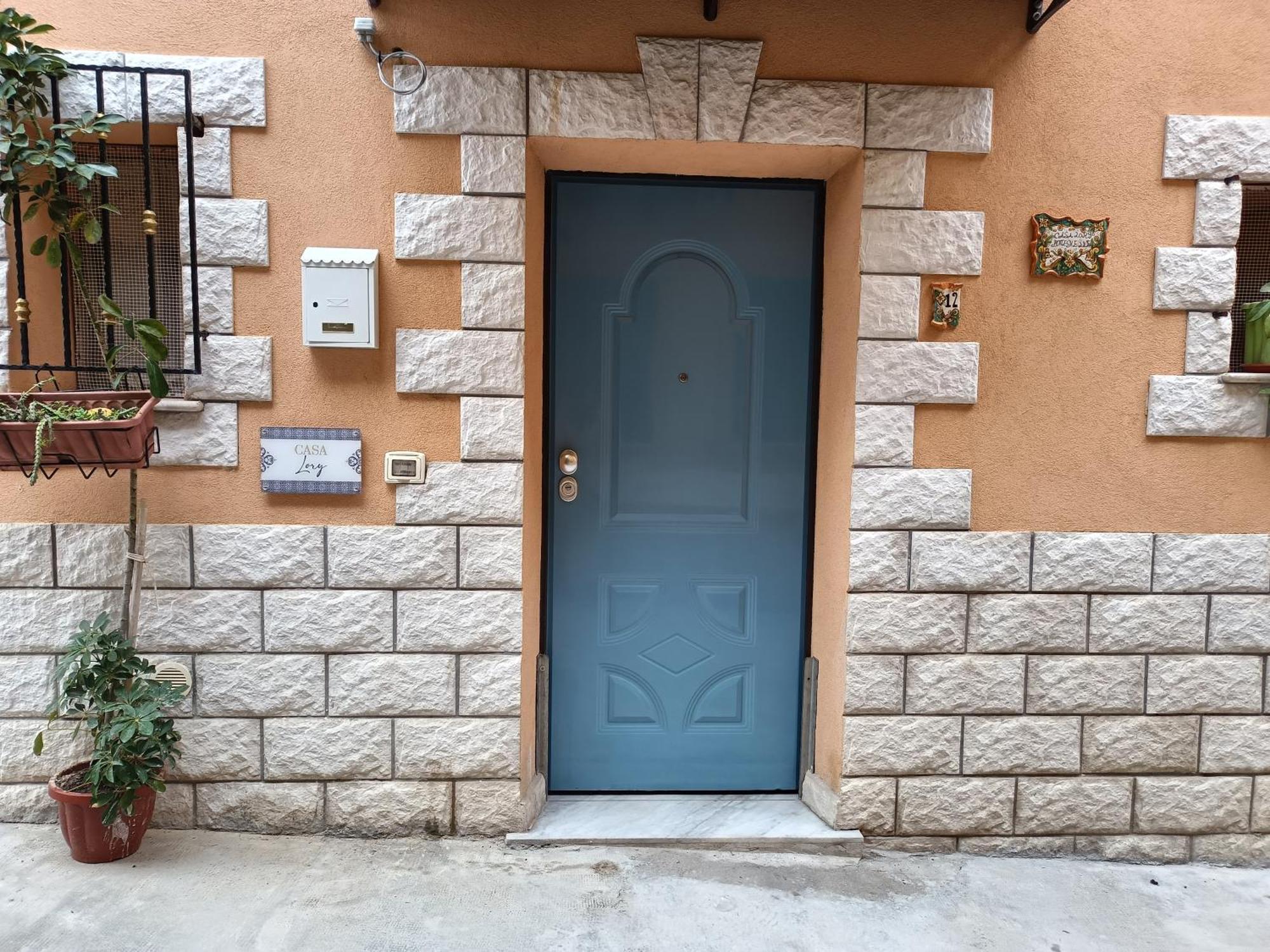 Casa Lory Villa Agrigento Buitenkant foto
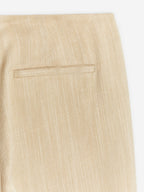 Pantalon Eandra - Jaune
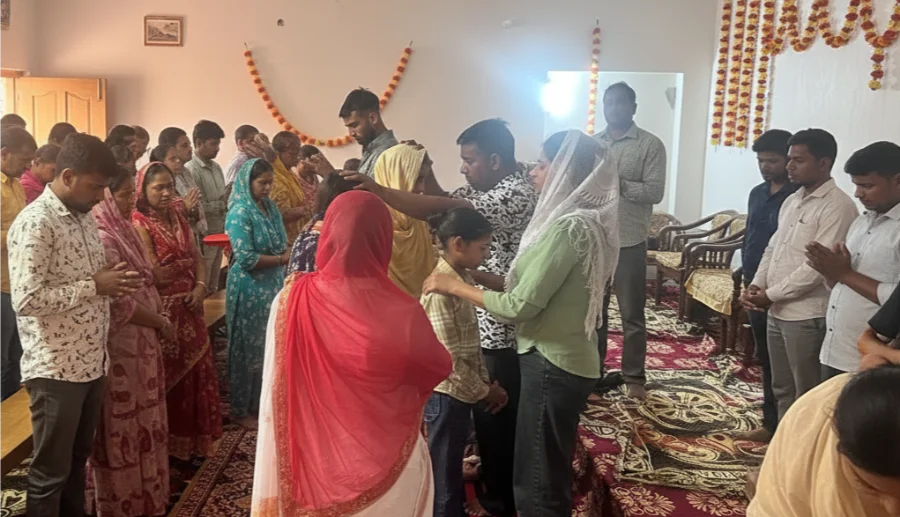 India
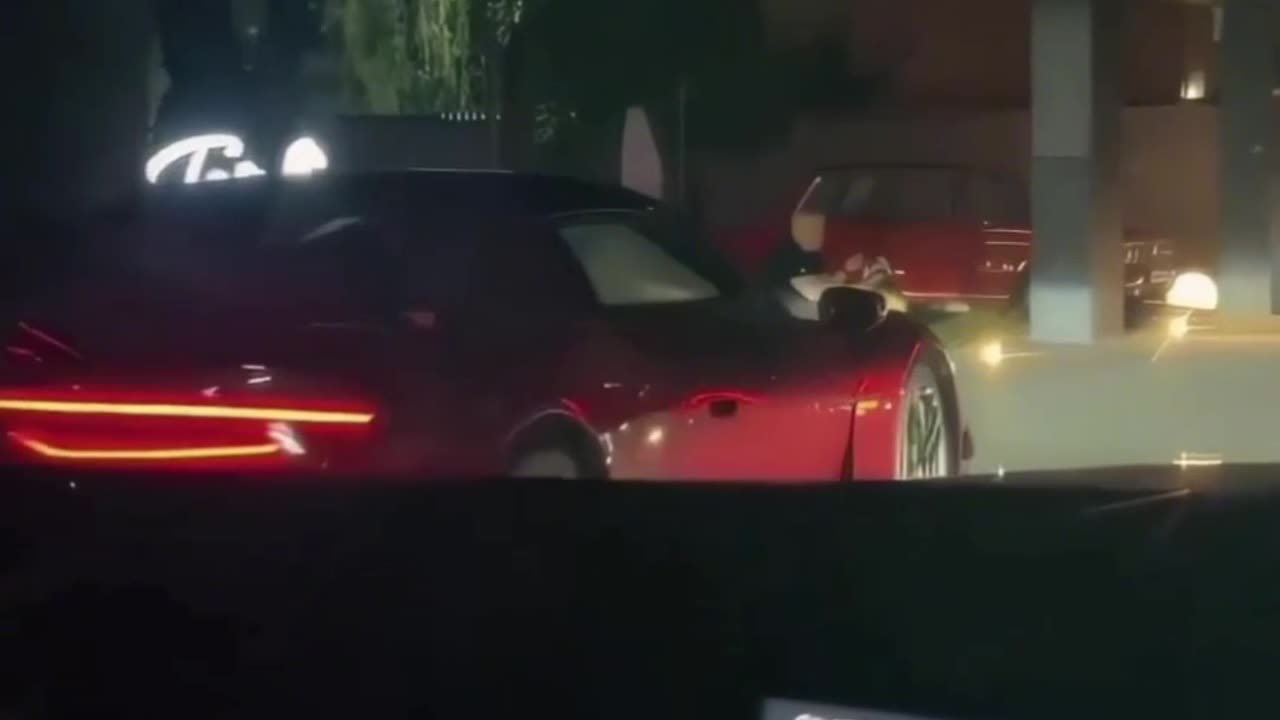 You finally escaped the matrix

### What is expected
Take the data above and set it down exactly, images excluded.

### Your solution
 Casa Lory Villa Agrigento Buitenkant foto
 Pantalon Eandra - Jaune
 India
 You finally escaped the matrix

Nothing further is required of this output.